PROBLEM DETAILS:
Beneath this line sits some data. Return only its lines from the one holding "Hey folks, welcome" through the one holding "Hello everyone, I'm", inclusive, exactly, with the images removed.

AVAILABLE DATA:
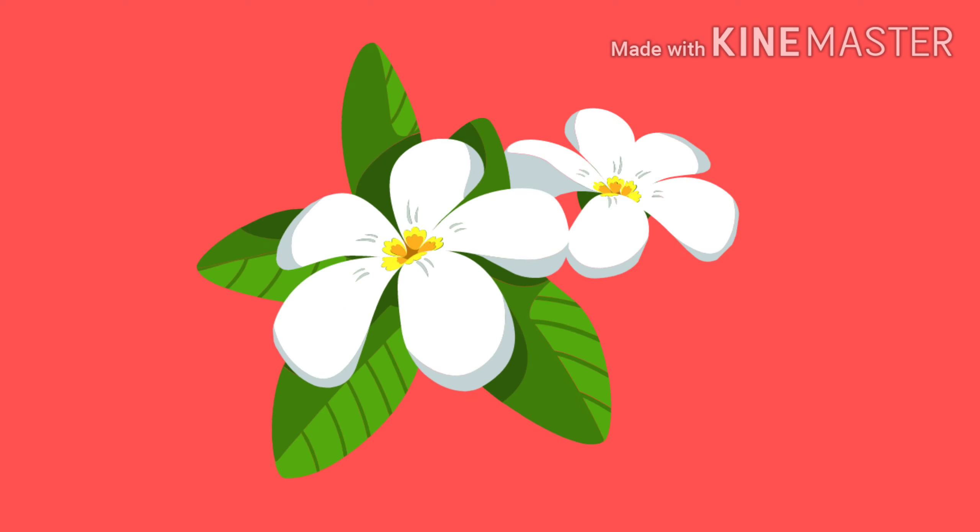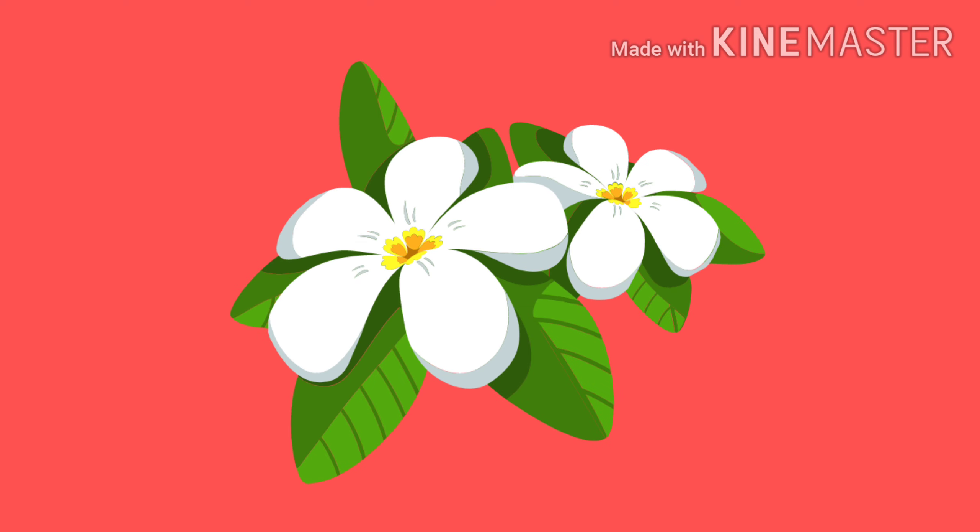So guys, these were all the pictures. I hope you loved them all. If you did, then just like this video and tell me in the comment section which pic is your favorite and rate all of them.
--
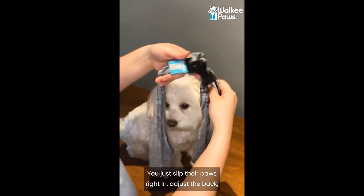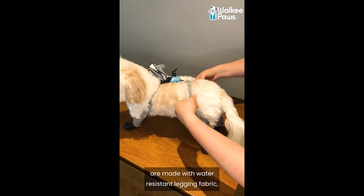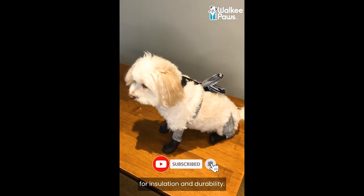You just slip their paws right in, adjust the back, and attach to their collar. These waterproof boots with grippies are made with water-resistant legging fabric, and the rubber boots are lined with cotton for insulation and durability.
---
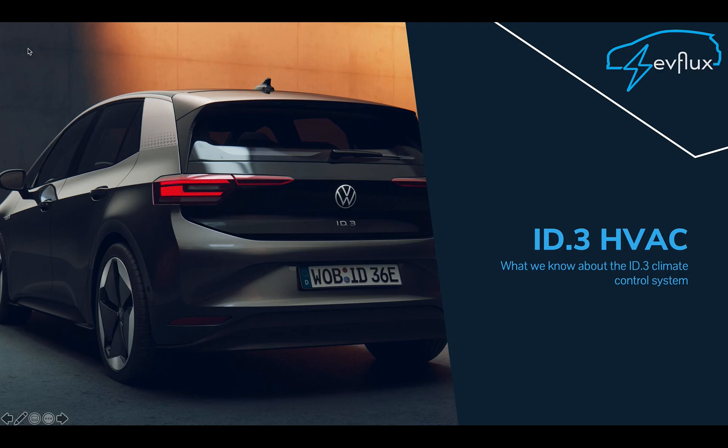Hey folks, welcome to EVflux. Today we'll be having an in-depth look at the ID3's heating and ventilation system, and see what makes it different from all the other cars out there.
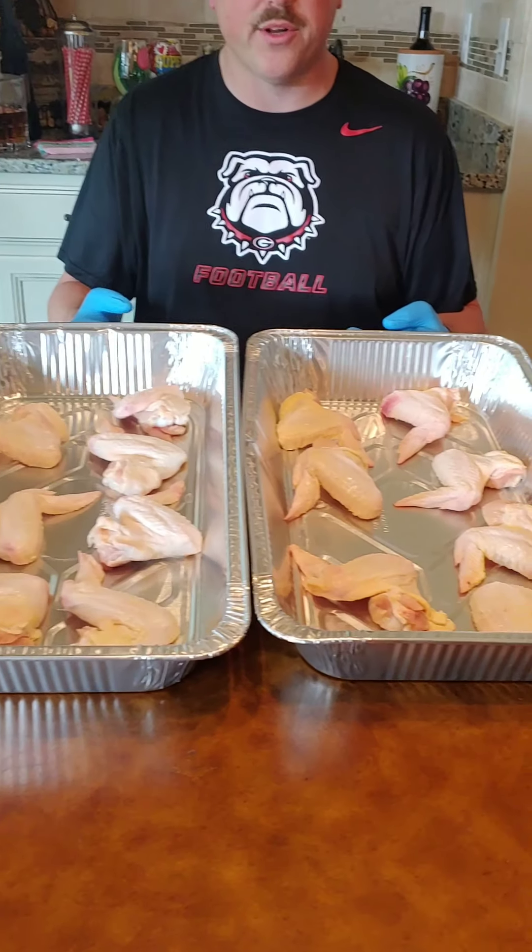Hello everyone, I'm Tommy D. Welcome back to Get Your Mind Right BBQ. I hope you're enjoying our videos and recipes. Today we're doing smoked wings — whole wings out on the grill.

PROBLEM SOLUTION:
Hey folks, welcome to EVflux. Today we'll be having an in-depth look at the ID3's heating and ventilation system, and see what makes it different from all the other cars out there.
Hello everyone, I'm Tommy D. Welcome back to Get Your Mind Right BBQ. I hope you're enjoying our videos and recipes. Today we're doing smoked wings — whole wings out on the grill.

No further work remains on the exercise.